Schizophrenia can be a chronic and debilitating illness that affects how a person thinks, feels and behaves.
- Individual may appear distracted at times
- Conversation may be disjointed with no obvious connection between sentences
- At times may appear to lack motivation
- Disrupted or deprived sleep patterns, resulting in tiredness
- The individual may demonstrate a pattern of irrational behaviour, paranoia or phobias
- May start to avoid social interaction
- Deterioration in appearance or personal hygiene.
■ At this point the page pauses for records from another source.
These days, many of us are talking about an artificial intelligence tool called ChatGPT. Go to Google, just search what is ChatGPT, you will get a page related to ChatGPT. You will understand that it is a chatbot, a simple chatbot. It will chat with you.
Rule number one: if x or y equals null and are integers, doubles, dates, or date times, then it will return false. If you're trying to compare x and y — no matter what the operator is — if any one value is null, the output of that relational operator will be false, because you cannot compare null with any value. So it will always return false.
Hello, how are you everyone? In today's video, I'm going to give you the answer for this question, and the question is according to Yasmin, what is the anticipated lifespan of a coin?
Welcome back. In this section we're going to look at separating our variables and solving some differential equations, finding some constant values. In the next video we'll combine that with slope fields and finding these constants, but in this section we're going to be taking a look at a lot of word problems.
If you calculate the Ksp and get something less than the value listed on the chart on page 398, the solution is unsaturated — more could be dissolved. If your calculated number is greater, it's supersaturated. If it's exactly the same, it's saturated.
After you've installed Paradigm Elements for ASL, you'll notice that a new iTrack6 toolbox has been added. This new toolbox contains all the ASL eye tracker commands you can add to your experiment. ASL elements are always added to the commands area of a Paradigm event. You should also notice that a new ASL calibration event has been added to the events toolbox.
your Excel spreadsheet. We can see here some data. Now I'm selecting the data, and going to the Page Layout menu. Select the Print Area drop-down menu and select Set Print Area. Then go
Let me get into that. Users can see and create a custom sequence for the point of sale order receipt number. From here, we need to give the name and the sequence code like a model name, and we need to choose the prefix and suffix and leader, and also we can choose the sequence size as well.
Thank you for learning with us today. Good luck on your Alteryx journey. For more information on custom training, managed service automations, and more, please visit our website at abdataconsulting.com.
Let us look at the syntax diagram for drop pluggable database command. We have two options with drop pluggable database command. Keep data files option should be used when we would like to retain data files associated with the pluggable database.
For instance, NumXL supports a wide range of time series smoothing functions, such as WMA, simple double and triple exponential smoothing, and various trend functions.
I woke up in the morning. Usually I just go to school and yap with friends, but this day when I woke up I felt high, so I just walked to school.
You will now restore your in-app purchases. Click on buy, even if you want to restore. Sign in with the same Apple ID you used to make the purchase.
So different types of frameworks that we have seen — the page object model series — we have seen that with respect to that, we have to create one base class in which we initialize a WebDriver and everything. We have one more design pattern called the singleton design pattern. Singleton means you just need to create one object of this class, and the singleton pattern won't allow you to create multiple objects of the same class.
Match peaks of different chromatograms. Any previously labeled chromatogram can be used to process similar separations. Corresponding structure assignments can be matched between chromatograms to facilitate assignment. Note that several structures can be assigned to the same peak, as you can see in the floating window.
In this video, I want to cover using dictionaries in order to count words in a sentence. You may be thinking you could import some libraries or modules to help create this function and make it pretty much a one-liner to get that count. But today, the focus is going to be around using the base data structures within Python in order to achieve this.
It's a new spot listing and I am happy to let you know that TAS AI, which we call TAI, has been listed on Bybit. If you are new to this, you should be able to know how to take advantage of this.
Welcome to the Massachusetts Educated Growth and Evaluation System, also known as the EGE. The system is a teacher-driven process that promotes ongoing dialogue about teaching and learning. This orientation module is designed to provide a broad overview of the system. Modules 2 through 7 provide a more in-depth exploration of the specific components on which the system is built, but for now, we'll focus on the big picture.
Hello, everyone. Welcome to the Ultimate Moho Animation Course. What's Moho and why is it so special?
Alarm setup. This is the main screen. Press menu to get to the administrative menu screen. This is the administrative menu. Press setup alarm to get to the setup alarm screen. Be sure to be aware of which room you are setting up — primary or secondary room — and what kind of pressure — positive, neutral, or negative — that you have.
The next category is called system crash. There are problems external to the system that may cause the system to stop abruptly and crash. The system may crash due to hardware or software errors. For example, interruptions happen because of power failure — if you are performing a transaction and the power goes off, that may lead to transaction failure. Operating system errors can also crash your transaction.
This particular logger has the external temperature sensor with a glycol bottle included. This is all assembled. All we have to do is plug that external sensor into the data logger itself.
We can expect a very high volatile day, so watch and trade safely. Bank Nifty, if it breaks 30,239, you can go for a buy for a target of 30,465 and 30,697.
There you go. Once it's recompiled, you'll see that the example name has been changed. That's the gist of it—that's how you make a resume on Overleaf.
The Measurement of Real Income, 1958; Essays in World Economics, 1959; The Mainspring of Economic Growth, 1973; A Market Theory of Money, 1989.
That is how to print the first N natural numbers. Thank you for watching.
Potential impact on daily life and employment
- This can vary massively depending on the severity of the condition, but can lead to social exclusion
- Diagnosis may have an emotional impact on the individual and/or their family and friends
- At times behaviour may be considered to be unconventional.
Support in the workplace
Additional support may be required in the first few weeks as the individual familiarises themselves with their environment and colleagues
- Ask the individual how they can adapt their own coping strategies into a workplace context – they know what triggers a change in their behaviour
- Make sure job expectations are clear
- With the individual’s approval, educate work colleagues on the condition. Consider a workplace buddy or mentor to provide personal support
- Consider environmental issues that may have a negative impact on behaviour (eg. noise, smell, touch or movement)
- Use flexible working practices to allow the individual to make up for lost time
- Gain emergency contact details from the individual and understand when these should be used
- Keep a positive and supportive approach – focus on building confidence and self-esteem.
Source; The Schizophrenia Fellowship, 2014.